The Black Cauldron VHS Box | The Black Cauldron (1985) VHS Movie Review

Trailers
A Bug’s Life Teaser Trailer
Meet the Deedles
Kiki’s Delivery Service (Kristen Dunst is the voice actor and Matthew Lawerence)
Pocahontas II: Journey to a New World
Lady and the Tramp Coming to Video this fall
Lion King II: Simba’s Pride Only on Video

Trivia

  • it is loosely based on the first two books in The Chronicles of Prydain by Lloyd Alexander, a series of five novels that are, in turn, based on Welsh mythology.
  • The first Disney animated movie to not contain any songs, neither performed by characters nor in the background.
  • Known by many as “the film Disney tried to bury,” fans of the fantasy genre and this movie have tried many times to get the deleted footage restored.
  • Suspended from video release for several years, due to its dark content.
  • First full-length Disney animated movie since Snow White and the Seven Dwarfs (1937) to have completed scenes cut before release.
  • Tim Burton, who worked as a Conceptual Artist on this movie, wanted to incorporate minions of the Horned King that were akin to the “facehuggers” from the Alien film franchise. Some samples of his work can be seen on Disney’s 2000 DVD of this movie.
  • This movie is notable for being the first full-length Disney animated movie to incorporate computer graphics imagery (CGI) in its animation. The CGI was utilized for a lot of the special effects, which included the bubbles, a boat, a floating orb of light, the Cauldron, the realistic flames were seen near the end of the movie, and the boat that Taran and his friends used to escape the castle
  • The production of this movie can be traced back to 1971 when Walt Disney Pictures purchased the screen rights to Lloyd Alexander’s “The Chronicles of Prydain.” This movie took over twelve years to make, five years of actual production, and cost over twenty-five million dollars.

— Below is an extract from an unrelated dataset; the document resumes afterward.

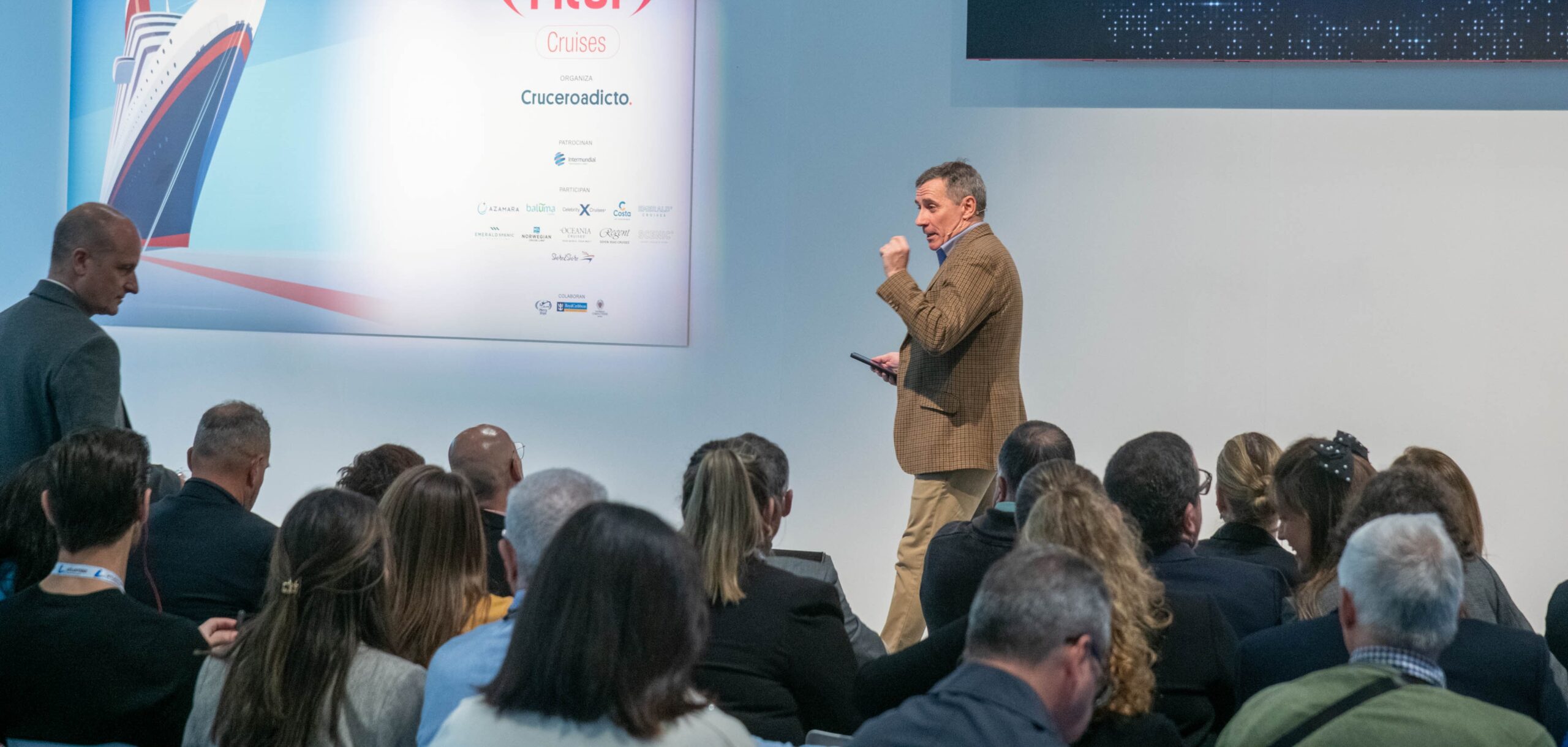 FITUR Cruises celebra su quinta edición con récord de navieras y un programa reforzado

Over one thousand different hues and colors were used, and thirty-four miles of film stock was utilized.
  • Ralph Bakshi was approached to be involved with this movie in 1979 after the success of his fantasy film Wizards (1977), and his animated adaptation of The Lord of the Rings (1978). He turned it down, believing his style is far too mature for a Disney movie for family entertainment.
  • Various members of Disney’s “Nine Old Men,” as well as Don Bluth, took stabs at making this movie during the 1970s.
  • According to Producer Joe Hale, “When (Jeffrey) Katzenberg first screened the film, he told us to cut it by ten minutes. Roy (Disney) and I got together and found some scenes we could get rid of, that didn’t affect the story that much.” When they ran it again for Jeffrey Katzenberg, and the film finished, he asked Roy Edward Disney, “Is that ten minutes?” When Disney replied, “No, it was only around six minutes.” Katzenberg stated, “I said ten minutes!” Hale continued, “Eventually he cut out about twelve minutes, which really hurt the picture.”
  • Four months before the film’s release, The Samuel Goldwyn Company had released The Care Bears Movie (1985) which was made by the much smaller company Nelvana. It only cost $2 million but made $23 million at the box office. By contrast, The Black Cauldron cost $44 million but only made $21.3 million. This alarmed many Disney animators and raised questions about the future of the department.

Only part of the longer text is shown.